Die Länder der Europäischen Region der WHO müssen weiter gegen großflächige Masernausbrüche ankämpfen, die sich von Land zu Land sowie auf andere Regionen der Welt ausbreiten. Seit Anfang 2011 wurden schon aus 24 Ländern der Region Masernfälle gemeldet.

Masern von Frankreich aus in andere Länder eingeschleppt

In Frankreich kam es zum größten Ausbruch. Dort wurden im Januar und im Februar insgesamt 3749 Fälle behördlich gemeldet. Bei acht der Erkrankten traten neurologische Komplikationen auf und eine Person starb im Zusammenhang mit einer Masernerkrankung an Lungenentzündung. Die französischen Impfbehörden impfen während des Masernausbruchs gemäß den Empfehlungen der WHO Kinder und Kleinkinder ab einem Alter von neun Monaten und bieten zudem allen nicht oder nur unzureichend geimpften älteren Jugendlichen und Bürgern eine Impfung an.

2011 bestätigten epidemiologische Studien und Genotypanalysen der Labore die Einschleppung des Masernvirus aus Frankreich nach Dänemark, Deutschland, Italien, Rumänien, Russland und zuletzt auch nach Belgien. Seit Anfang 2011 wurden von der belgischen epidemiologischen Überwachung ca. 100 Masernfälle gemeldet. In dem Ausbruchsherd Gent befällt das Virus in erster Linie Kleinkinder im Alter von unter einem Jahr (wenn sie noch nicht geimpft sind) und Schüler anthroposophischer Schulen (die aus weltanschaulichen Motiven nicht geimpft wurden).

Ausbrüche in der Europäischen Region

Auch das spanische Andalusien erlebt derzeit einen Ausbruch und in den ersten zwei Monaten des Jahres 2011 wurden über 400 Fälle gemeldet. In regelmäßigen Abständen wurde aus Serbien, der Türkei und der ehemaligen jugoslawischen Republik Mazedonien die Weiterverbreitung der Krankheit bestätigt und die Notwendigkeit einer verstärkten Bekämpfung belegt.

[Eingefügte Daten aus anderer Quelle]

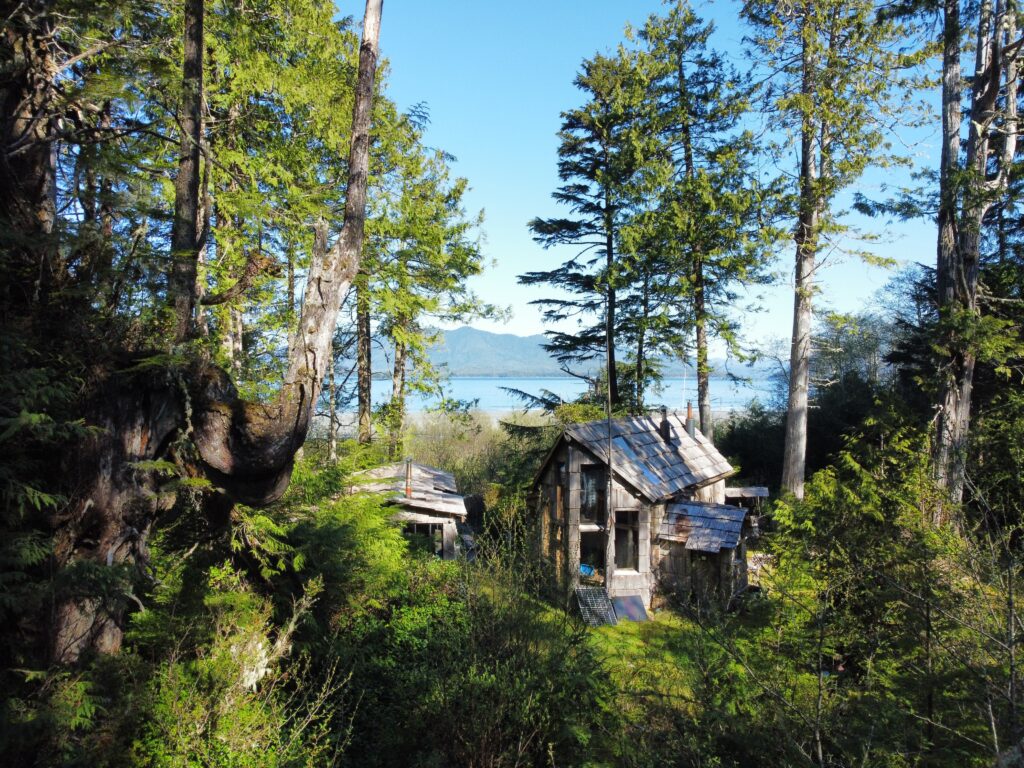 Markus' cabin in British Columbia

Regionalbüro fordert Mitgliedstaaten nachdrücklich zum sofortigen Handeln auf

Das Masernvirus verbreitet sich so leicht und schnell, dass Ausbrüche wahrscheinlich bleiben, solange die Menschen nicht oder nicht rechtzeitig nach Routineimpfplan geimpft werden. Masern sind weltweit immer noch eine der führenden Todesursachen für junge Kinder, obwohl sichere und wirksame Impfstoffe zur Verfügung stehen.

Auf der Tagung des WHO-Regionalkomitees für Europa im September 2010 verabschiedeten die Mitgliedstaaten einstimmig eine Resolution, der zufolge sie mit erneuerter Entschlossenheit die Eliminierung von Masern und Röteln aus der Europäischen Region bis 2015 beschleunigt vorantreiben wollten. Das Handeln der Mitgliedstaaten und des Regionalbüros nach diesem Bekenntnis ist eine entscheidende Voraussetzung dafür, den kostspieligen und tödlichen Ausbrüchen ein Ende setzen zu können.

Die WHO fordert die Länder eindringlich zu Wachsamkeit und zu rechtzeitigen Vorsorge- und Bekämpfungsmaßnahmen auf, damit sich die Masern nicht über die Ländergrenzen hinaus ausbreiten und insbesondere nicht in solche Länder eingeschleppt werden, wo sie - wie in Afrika oder Südostasien - eine oft extrem tödliche Wirkung entfalten.

Um die weitere Ausbreitung bzw. Einschleppung der Masern innerhalb wie außerhalb der Region zu verhindern, bittet das Regionalbüro die Gesundheitsbehörden der Mitgliedstaaten sich für Impfungen vor Auslandsreisen einzusetzen und Reisenden eine Impfung anzubieten.

Das Regionalbüro mahnt die Mitgliedstaaten außerdem zu rechtzeitiger Verdachtsfalluntersuchung, Probenentnahme und ggf. Fallmeldung an das Regionalbüro.

Europäische Impfwoche

Die jährlich durchgeführte Europäische Impfwoche findet diesmal vom 23. bis 30. April statt. Sie ermöglicht es der Bevölkerung, dem Gesundheitspersonal, den Entscheidungsträgern und einem breiten Spektrum aus Akteuren und Partnern sich für Impfungen zu engagieren.